Witkin Andre J, Castro Leonardo C, Reichel Elias, Rogers Adam H, Baumal Caroline R, Duker Jay S
Tufts Medical Center, Department of Ophthalmology, Boston, Massachusetts 02111, USA.
Ophthalmic Surg Lasers Imaging. 2010 Jul-Aug;41(4):418-24. doi: 10.3928/15428877-20100426-04.
To assess anatomic and visual outcomes after pars plana vitrectomy for lamellar macular holes.
Charts of 746 patients who had vitrectomy surgery with membrane peel were reviewed. Preoperative diagnosis of lamellar macular hole was based on optical coherence tomography (OCT) appearance; 16 eyes of 16 patients met the inclusion criteria.
Mean acuity was 20/158 preoperatively and 20/118 postoperatively (P = .408). Central macular thickness was 377.06 µm preoperatively and 245.7 µm postoperatively (P = .002). Two eyes (13%) developed full-thickness macular holes postoperatively.
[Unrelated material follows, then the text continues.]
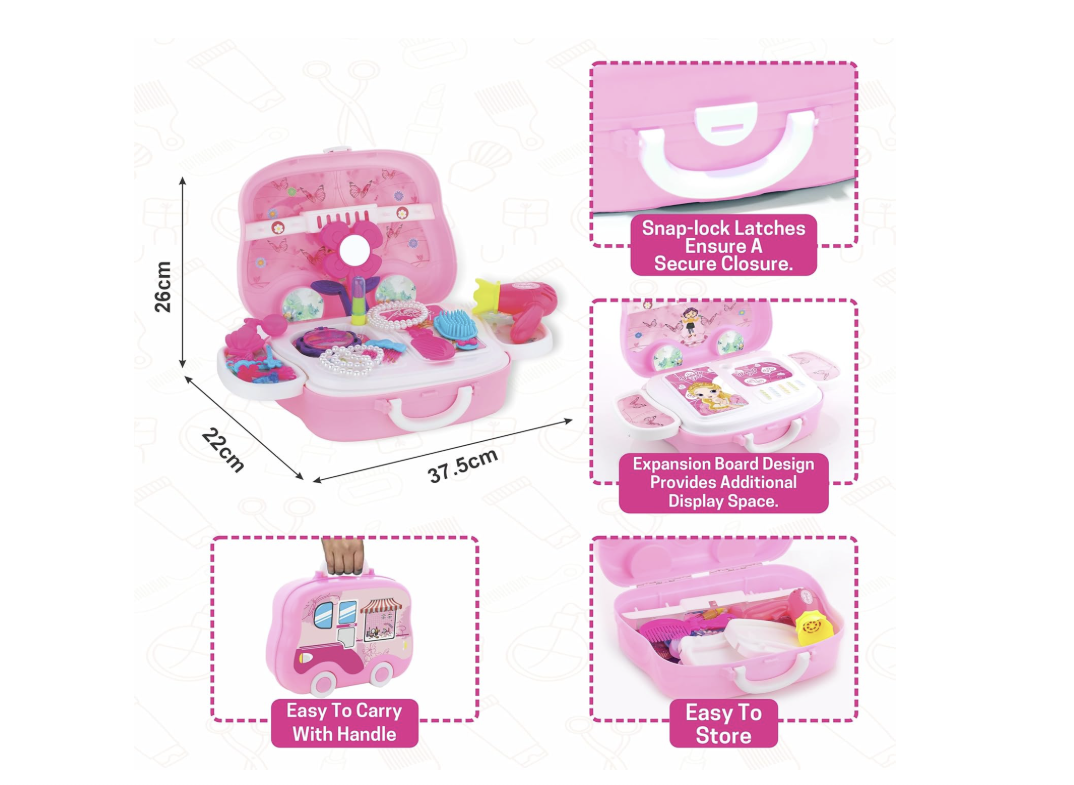 Chanak Beauty Set Suitcase on Wheels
Six eyes (38%) continued to have a lamellar macular defect on OCT postoperatively.
Despite postoperative anatomic improvement in many patients and an overall decrease in foveal thickness on OCT, this retrospective series suggests that vitrectomy for lamellar holes may not improve visual acuity.
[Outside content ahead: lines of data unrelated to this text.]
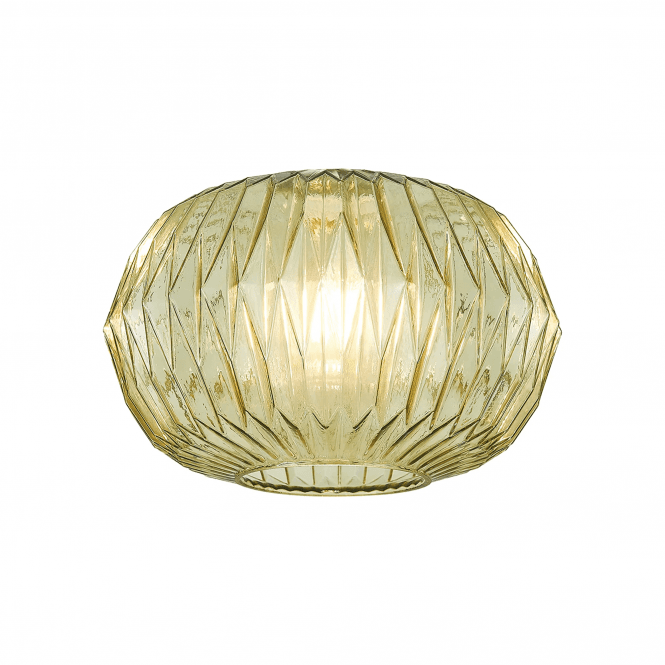 Maddy Origami Pumpkin Glass Shade in Moss Green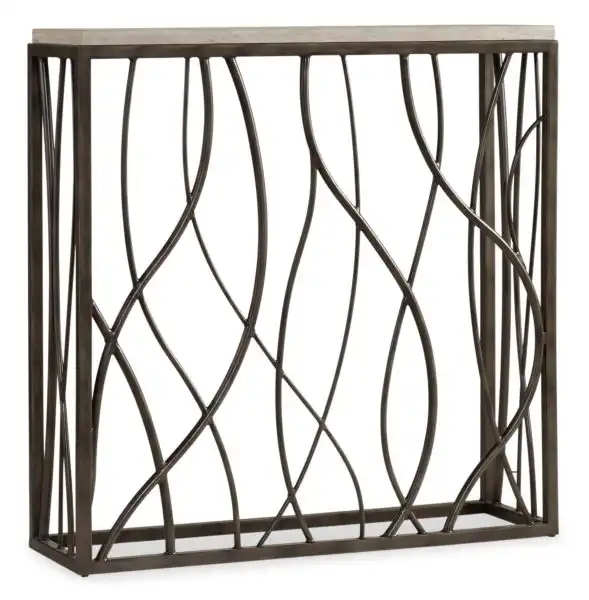 Thin Metal Console Table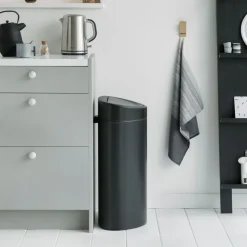 Brabantia Touch Top Trash Can (10.6 Gallon)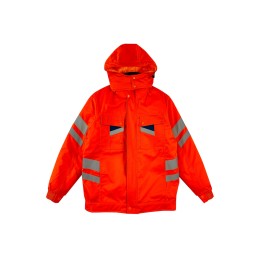 設計女裝戶外保暖工作服       訂製棉衣冬季加厚棉服道路救援      工程施工戶外棉服勞保服      聚酯纖維65% 棉35%    橙色    反光條設計    帽子可拆卸    SKWK160 設計女裝戶外保暖工作服       訂製棉衣冬季加厚棉服道路救援      工程施工戶外棉服勞保服      聚酯纖維65% 棉35%    橙色    反光條設計    帽子可拆卸    SKWK160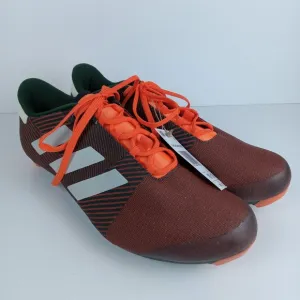 Adidas The Road Cycling Shoes Mens 10.5 Orange Brown Athletic Breathable Comfort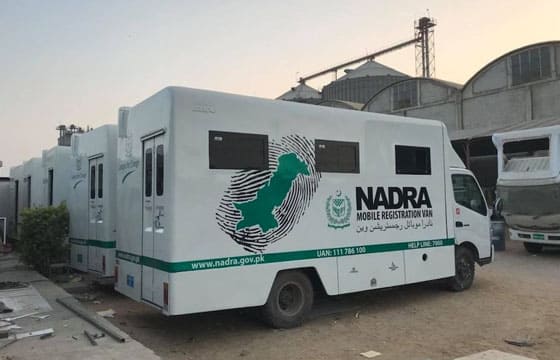 NADRA Mobile Registration Team’s visit schedule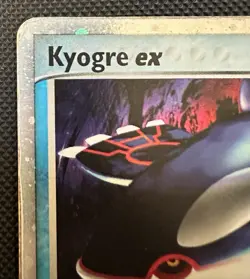 Pokemon Kyogre ex 94/101 Holo HP EX Hidden Legends DAMAGED Vintage Ultra Rare - Image 2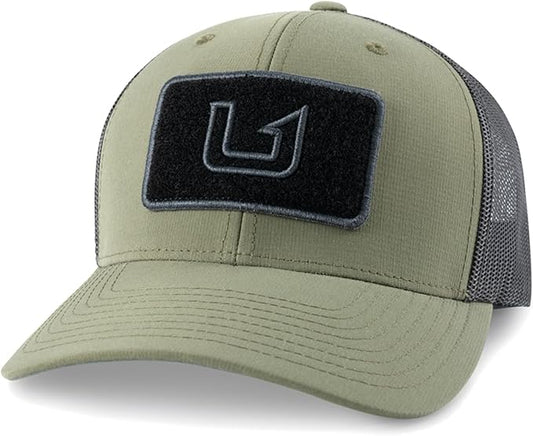 HUK Men's Trucker, Anti-Glare Snapback Fishing Hat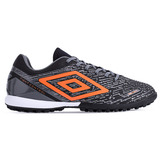 Chuteira Masculina Umbro Society Preto E Grafite - Original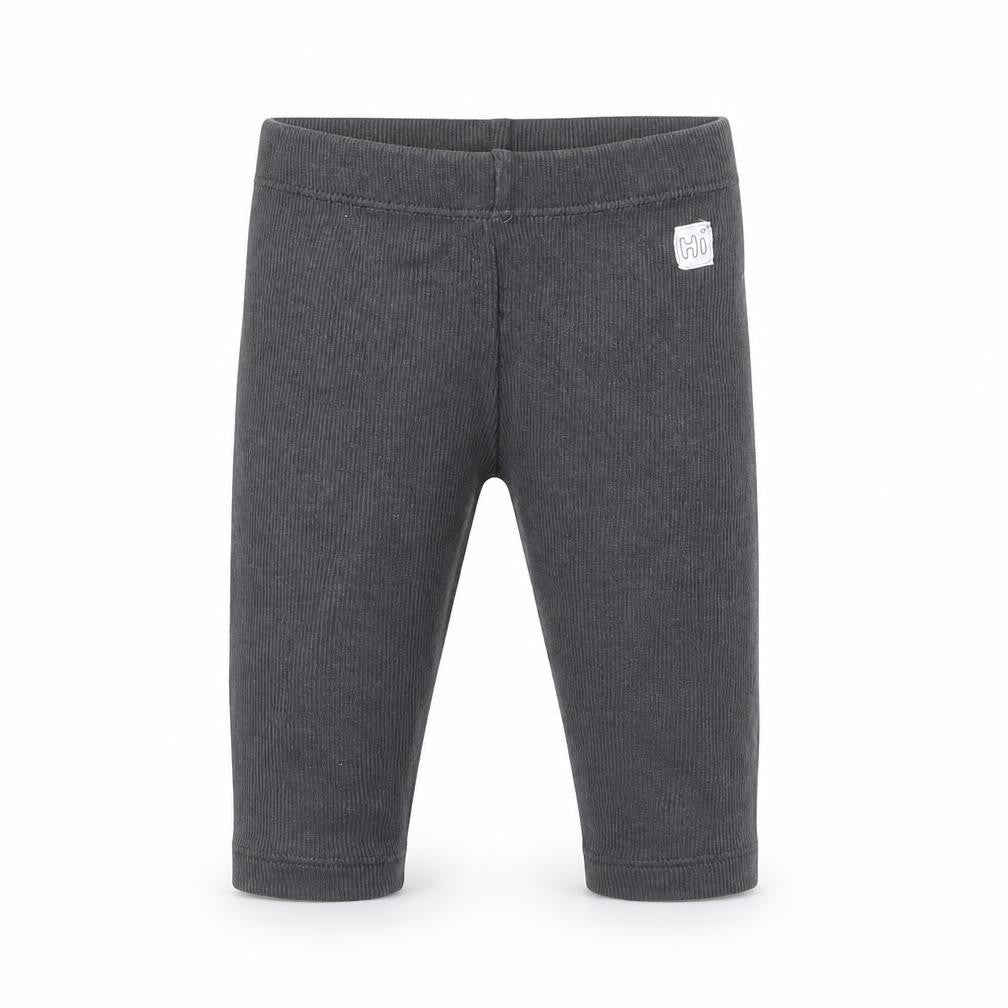 Front view of Marks & Spencer Baby Grey Cotton Jogger Leggings, size 0-3, Months Pullover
评估玻璃体后脱离视网膜前膜剥除术治疗板层黄斑裂孔的解剖学和视觉效果。
回顾性分析746例行玻璃体切割联合视网膜前膜剥除术患者的病历资料。术前板层黄斑裂孔的诊断基于光学相干断层扫描(OCT)表现;16例患者的16只眼符合纳入标准。
术前平均视力为20/158,术后为20/118(P = 0.408)。术前黄斑中心厚度为377.06 µm,术后为245.7 µm(P = 0.002)。2只眼(13%)术后发生全层黄斑裂孔。6只眼(38%)术后OCT检查仍存在板层黄斑缺损。
尽管许多患者术后解剖结构改善,OCT检查显示黄斑中心凹厚度总体降低,但该回顾性系列研究表明,玻璃体切割术治疗板层黄斑裂孔可能无法提高视力。